Hi Nicolai,

due to systemd now also using persistent interface names for IB adapters, the installer often doesn't get the new name correctly. You should definitely use ibo49d1 in /etc/network/interfaces and additionally add a line like below to the ibo49d1 stanza there:

pre-up /sbin/modprobe ib_ipoib Hope this helps, Roland On 1/30/24 09:50, wo.nicolai@vuykrotterdam.com wrote:
Hi all,

I've started with a new cluster using Qlustar 13.1 (fresh install). 
Hardware setup contains (currently) 3 HP DL380 machines, all hardware boxes have an infiniband interface and are connected to the same infiniband switch. 1 headnode (with openSM during installation), FE-login as VM, 2 compute nodes.

I noticed that the on the head node the infiniband interface is down.
Upon investigating I discovered the following:
In the qlustar management interface, the network config for the headnode shows ib0
in the commandline interface on the headnode using "ip address" I do not see any ib0 interface. I do see ibo49d1 (o not zero)
"9: ibo49d1: <BROADCAST,MULTICAST> mtu 2044 qdisc fq_codel state DOWN group default qlen 256
    link/infiniband 80:00:02:25:fe:80:00:00:00:00:00:00:04:09:73:ff:ff:e4:f4:22 brd 00:ff:ff:ff:ff:12:40:1b:ff:ff:00:00:00:00:00:00:ff:ff:ff:ff
    altname ibp4s0d1"
    
in /etc/network/interfaces interface ib0 is mentioned

When I update the network config for the headnode in the qlustar management interface from ib0 to ibo49d1 and reboot after, the interface remains down without any ip address.
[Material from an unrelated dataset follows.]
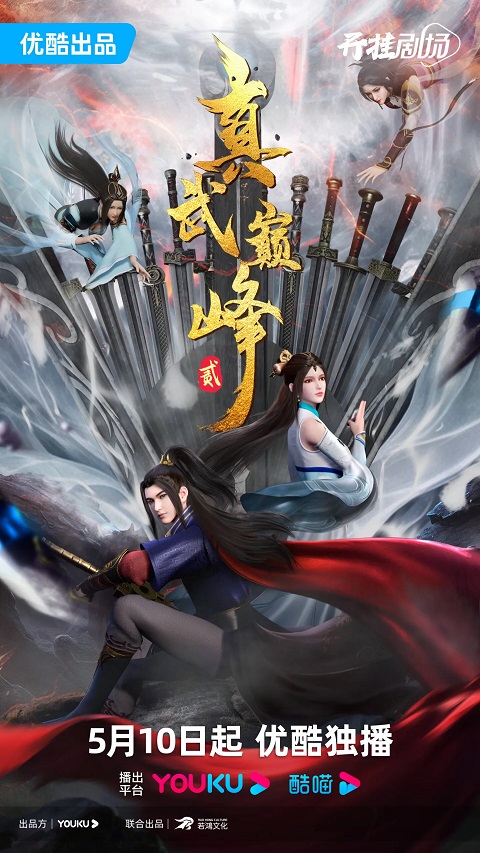 Zhenwu Dianfeng 2 (The Peak of True Martial Arts) ภาค 2 ซับไทย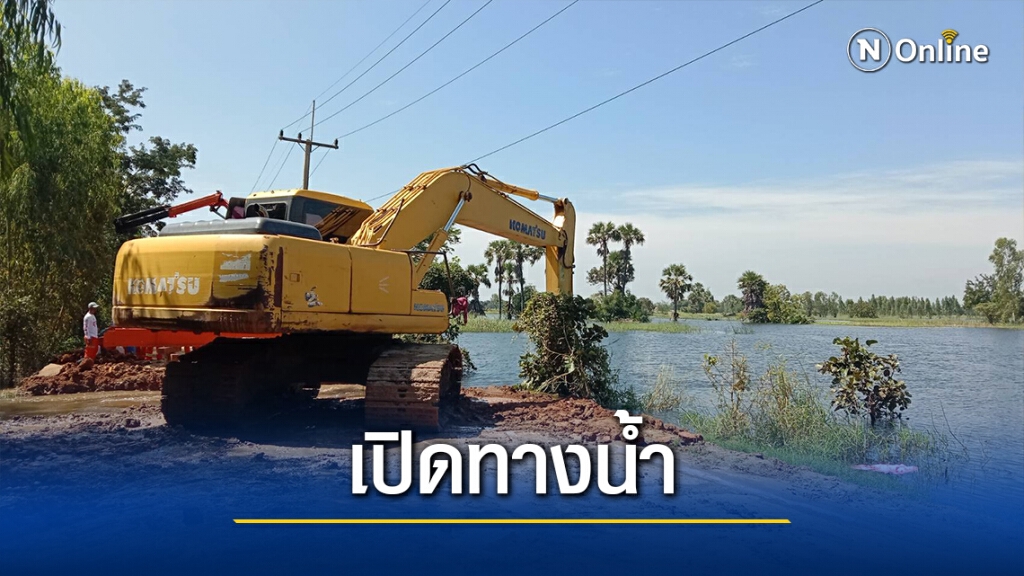 นำแบคโฮขุดเร่งระบายน้ำไม่ให้ท่วมเขตศก.พิมาย นำแบคโฮขุดเร่งระบายน้ำไม่ให้ท่วมเขตศก.พิมาย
I also noticed that for such a change in the qlustar management interface, I do not need to write files? 
in /etc/network/interface ib0 remains mentioned, while I expected that this would be updated to ibo49d1. Manually changing ib0 into ibo49d1 in /etc/network/interfaces did not work either.
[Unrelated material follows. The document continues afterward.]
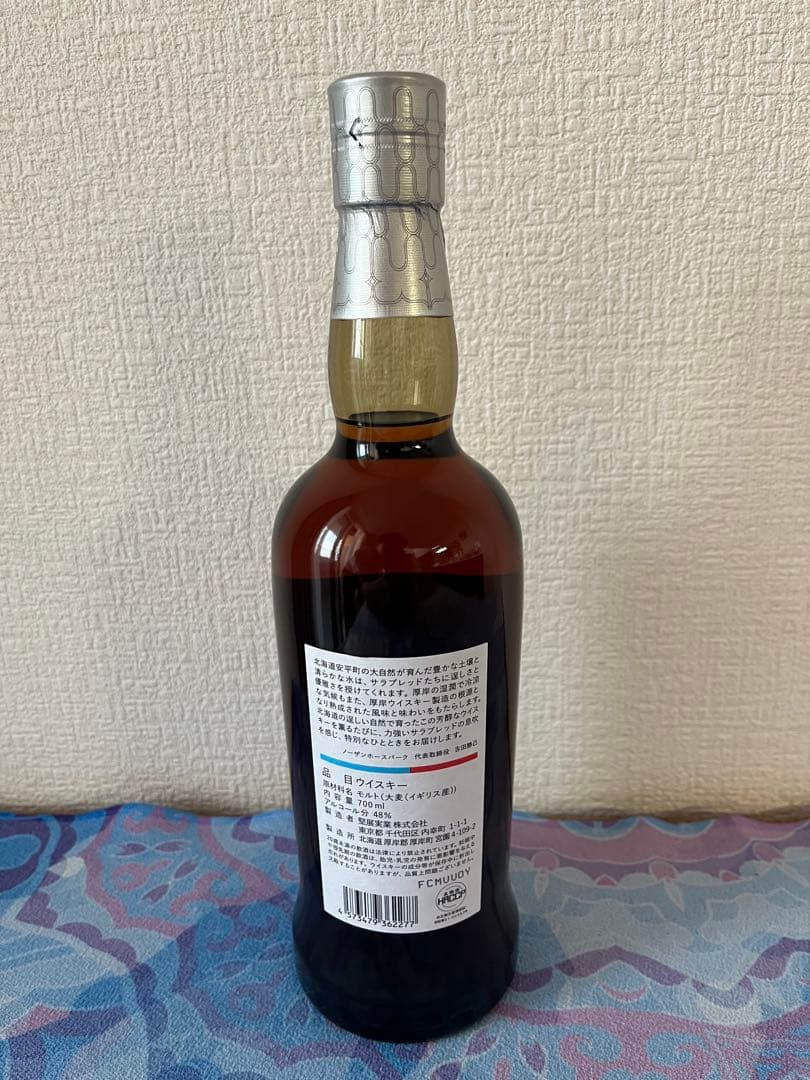 厚岸ウイスキー×ノーザンホースパーク　イクイノックスボトル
The infiniband port is active:
ibv_devinfo -d mlx4_0
hca_id: mlx4_0
        transport:                      InfiniBand (0)
        fw_ver:                         2.42.5700
        node_guid:                      0409:73ff:ffe4:f420
        sys_image_guid:                 0409:73ff:ffe4:f423
        vendor_id:                      0x02c9
        vendor_part_id:                 4103
        hw_ver:                         0x0
        board_id:                       HP_1380110017
        phys_port_cnt:                  2
                port:   1
                        state:                  PORT_DOWN (1)
                        max_mtu:                4096 (5)
                        active_mtu:             1024 (3)
                        sm_lid:                 0
                        port_lid:               0
                        port_lmc:               0x00
                        link_layer:             Ethernet

                port:   2
                        state:                  PORT_ACTIVE (4)
                        max_mtu:                4096 (5)
                        active_mtu:             4096 (5)
                        sm_lid:                 1
                        port_lid:               1
                        port_lmc:               0x00
                        link_layer:             InfiniBand

Using ibnetdiscover on the headnode, both compute nodes and the switch is listed. 

Obviously I'm missing something. How do I get IPoIB up and running on the headnode?

The above is for the head node only. the compute nodes do have an interface ib0 and an ip adress for this interface.
_